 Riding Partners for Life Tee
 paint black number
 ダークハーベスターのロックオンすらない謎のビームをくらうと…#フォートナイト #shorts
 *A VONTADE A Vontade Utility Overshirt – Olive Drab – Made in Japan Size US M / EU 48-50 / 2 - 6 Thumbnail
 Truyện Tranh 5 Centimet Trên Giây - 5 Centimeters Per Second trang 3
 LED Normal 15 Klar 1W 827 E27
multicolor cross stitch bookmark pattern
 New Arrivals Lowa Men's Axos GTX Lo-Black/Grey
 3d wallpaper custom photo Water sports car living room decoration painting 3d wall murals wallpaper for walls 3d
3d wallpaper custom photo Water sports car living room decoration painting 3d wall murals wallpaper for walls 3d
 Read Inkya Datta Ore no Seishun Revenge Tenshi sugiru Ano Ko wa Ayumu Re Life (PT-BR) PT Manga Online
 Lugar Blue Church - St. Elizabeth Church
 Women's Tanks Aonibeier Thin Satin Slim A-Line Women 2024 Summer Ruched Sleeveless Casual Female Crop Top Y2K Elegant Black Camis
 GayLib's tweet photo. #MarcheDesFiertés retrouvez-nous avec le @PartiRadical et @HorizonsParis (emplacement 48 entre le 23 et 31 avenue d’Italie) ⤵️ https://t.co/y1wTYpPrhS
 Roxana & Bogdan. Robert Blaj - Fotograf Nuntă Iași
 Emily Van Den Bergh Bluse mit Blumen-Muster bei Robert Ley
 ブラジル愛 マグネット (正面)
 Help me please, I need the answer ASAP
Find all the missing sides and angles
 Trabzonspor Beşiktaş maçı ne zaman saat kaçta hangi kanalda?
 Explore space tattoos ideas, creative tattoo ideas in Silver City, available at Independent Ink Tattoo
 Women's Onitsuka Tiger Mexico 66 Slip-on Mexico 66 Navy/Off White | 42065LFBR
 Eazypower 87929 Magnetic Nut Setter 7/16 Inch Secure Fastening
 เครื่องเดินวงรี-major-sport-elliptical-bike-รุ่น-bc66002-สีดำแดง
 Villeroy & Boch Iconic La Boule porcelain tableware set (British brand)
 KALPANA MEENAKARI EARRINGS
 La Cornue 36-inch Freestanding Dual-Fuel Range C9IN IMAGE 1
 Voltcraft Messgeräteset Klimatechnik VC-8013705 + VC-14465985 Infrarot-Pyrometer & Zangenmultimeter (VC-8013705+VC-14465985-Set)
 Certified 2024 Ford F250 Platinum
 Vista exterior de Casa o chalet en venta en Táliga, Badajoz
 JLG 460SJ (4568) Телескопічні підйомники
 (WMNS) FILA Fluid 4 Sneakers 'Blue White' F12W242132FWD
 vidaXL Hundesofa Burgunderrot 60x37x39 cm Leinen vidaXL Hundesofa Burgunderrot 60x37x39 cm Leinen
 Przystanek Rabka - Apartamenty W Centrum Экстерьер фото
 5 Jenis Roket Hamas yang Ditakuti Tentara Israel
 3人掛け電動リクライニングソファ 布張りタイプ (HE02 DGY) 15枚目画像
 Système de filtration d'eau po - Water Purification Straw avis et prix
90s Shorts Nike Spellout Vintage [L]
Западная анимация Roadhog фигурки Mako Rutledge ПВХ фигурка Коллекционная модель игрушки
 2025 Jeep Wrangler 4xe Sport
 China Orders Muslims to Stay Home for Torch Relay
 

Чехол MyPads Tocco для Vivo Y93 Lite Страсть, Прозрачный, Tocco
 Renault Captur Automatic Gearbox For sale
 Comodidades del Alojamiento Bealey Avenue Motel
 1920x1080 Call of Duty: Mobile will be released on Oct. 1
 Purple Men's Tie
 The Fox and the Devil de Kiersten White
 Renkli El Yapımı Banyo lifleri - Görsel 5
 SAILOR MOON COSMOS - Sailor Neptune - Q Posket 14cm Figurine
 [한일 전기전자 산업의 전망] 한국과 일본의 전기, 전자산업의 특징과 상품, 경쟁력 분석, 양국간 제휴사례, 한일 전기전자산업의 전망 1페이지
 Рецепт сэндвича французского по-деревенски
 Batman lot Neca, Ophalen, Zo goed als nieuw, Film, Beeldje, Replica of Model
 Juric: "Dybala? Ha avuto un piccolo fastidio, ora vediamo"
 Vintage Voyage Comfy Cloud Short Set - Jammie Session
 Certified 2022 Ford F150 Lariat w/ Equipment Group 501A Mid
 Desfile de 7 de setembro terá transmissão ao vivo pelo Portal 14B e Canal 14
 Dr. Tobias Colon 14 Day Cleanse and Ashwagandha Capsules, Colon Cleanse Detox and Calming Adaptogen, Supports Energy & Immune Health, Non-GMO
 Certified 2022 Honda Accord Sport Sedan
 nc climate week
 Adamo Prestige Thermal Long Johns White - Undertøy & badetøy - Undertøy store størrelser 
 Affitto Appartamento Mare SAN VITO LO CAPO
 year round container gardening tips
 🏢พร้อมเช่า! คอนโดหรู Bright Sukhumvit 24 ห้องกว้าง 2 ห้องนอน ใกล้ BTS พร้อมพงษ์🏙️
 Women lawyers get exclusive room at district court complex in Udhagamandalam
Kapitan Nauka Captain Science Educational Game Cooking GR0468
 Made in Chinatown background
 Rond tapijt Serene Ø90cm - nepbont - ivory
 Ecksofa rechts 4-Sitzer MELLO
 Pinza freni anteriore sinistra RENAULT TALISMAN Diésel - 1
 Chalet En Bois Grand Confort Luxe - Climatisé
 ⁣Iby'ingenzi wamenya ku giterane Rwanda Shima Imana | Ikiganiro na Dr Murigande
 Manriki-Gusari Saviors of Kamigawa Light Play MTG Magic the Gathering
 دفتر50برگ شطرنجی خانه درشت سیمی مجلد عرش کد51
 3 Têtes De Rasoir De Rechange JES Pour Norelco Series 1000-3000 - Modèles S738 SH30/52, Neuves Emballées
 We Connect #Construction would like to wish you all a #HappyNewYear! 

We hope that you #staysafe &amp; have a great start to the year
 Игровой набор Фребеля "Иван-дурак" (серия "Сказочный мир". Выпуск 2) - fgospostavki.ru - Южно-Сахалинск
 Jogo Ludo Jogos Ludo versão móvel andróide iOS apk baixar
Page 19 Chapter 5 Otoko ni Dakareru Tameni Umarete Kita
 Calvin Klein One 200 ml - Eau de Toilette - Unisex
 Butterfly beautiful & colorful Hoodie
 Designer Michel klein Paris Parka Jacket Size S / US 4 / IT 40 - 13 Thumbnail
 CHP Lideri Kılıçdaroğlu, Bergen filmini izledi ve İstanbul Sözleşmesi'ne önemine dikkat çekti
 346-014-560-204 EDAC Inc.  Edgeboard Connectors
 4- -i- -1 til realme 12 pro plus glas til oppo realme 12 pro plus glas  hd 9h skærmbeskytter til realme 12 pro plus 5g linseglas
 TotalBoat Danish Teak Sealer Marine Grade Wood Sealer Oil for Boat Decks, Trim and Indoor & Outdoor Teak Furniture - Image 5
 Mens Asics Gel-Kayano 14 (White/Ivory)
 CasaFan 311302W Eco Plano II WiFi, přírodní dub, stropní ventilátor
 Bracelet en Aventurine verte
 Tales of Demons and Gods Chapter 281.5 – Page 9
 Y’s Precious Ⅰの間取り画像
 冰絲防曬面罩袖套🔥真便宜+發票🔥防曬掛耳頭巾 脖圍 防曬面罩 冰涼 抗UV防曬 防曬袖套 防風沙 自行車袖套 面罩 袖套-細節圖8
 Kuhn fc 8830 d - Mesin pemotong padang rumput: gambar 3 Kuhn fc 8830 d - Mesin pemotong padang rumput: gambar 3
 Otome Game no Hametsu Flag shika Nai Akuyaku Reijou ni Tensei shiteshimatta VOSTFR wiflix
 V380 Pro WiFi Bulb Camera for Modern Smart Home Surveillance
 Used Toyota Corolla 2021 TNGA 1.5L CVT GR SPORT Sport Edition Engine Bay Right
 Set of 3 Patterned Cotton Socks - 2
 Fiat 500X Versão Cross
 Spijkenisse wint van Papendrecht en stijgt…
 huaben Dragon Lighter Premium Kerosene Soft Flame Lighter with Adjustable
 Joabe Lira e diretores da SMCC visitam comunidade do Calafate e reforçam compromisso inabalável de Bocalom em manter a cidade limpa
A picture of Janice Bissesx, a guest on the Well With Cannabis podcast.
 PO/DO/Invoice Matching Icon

━━━

> _Aim of the task_
Where the line with "La Cornue 36-inch" ends, your copy should end too; please return exactly the lines from the first line of the data through it.

> _Your response_
 Riding Partners for Life Tee
 paint black number
 ダークハーベスターのロックオンすらない謎のビームをくらうと…#フォートナイト #shorts
 *A VONTADE A Vontade Utility Overshirt – Olive Drab – Made in Japan Size US M / EU 48-50 / 2 - 6 Thumbnail
 Truyện Tranh 5 Centimet Trên Giây - 5 Centimeters Per Second trang 3
 LED Normal 15 Klar 1W 827 E27
multicolor cross stitch bookmark pattern
 New Arrivals Lowa Men's Axos GTX Lo-Black/Grey
 3d wallpaper custom photo Water sports car living room decoration painting 3d wall murals wallpaper for walls 3d
3d wallpaper custom photo Water sports car living room decoration painting 3d wall murals wallpaper for walls 3d
 Read Inkya Datta Ore no Seishun Revenge Tenshi sugiru Ano Ko wa Ayumu Re Life (PT-BR) PT Manga Online
 Lugar Blue Church - St. Elizabeth Church
 Women's Tanks Aonibeier Thin Satin Slim A-Line Women 2024 Summer Ruched Sleeveless Casual Female Crop Top Y2K Elegant Black Camis
 GayLib's tweet photo. #MarcheDesFiertés retrouvez-nous avec le @PartiRadical et @HorizonsParis (emplacement 48 entre le 23 et 31 avenue d’Italie) ⤵️ https://t.co/y1wTYpPrhS
 Roxana & Bogdan. Robert Blaj - Fotograf Nuntă Iași
 Emily Van Den Bergh Bluse mit Blumen-Muster bei Robert Ley
 ブラジル愛 マグネット (正面)
 Help me please, I need the answer ASAP
Find all the missing sides and angles
 Trabzonspor Beşiktaş maçı ne zaman saat kaçta hangi kanalda?
 Explore space tattoos ideas, creative tattoo ideas in Silver City, available at Independent Ink Tattoo
 Women's Onitsuka Tiger Mexico 66 Slip-on Mexico 66 Navy/Off White | 42065LFBR
 Eazypower 87929 Magnetic Nut Setter 7/16 Inch Secure Fastening
 เครื่องเดินวงรี-major-sport-elliptical-bike-รุ่น-bc66002-สีดำแดง
 Villeroy & Boch Iconic La Boule porcelain tableware set (British brand)
 KALPANA MEENAKARI EARRINGS
 La Cornue 36-inch Freestanding Dual-Fuel Range C9IN IMAGE 1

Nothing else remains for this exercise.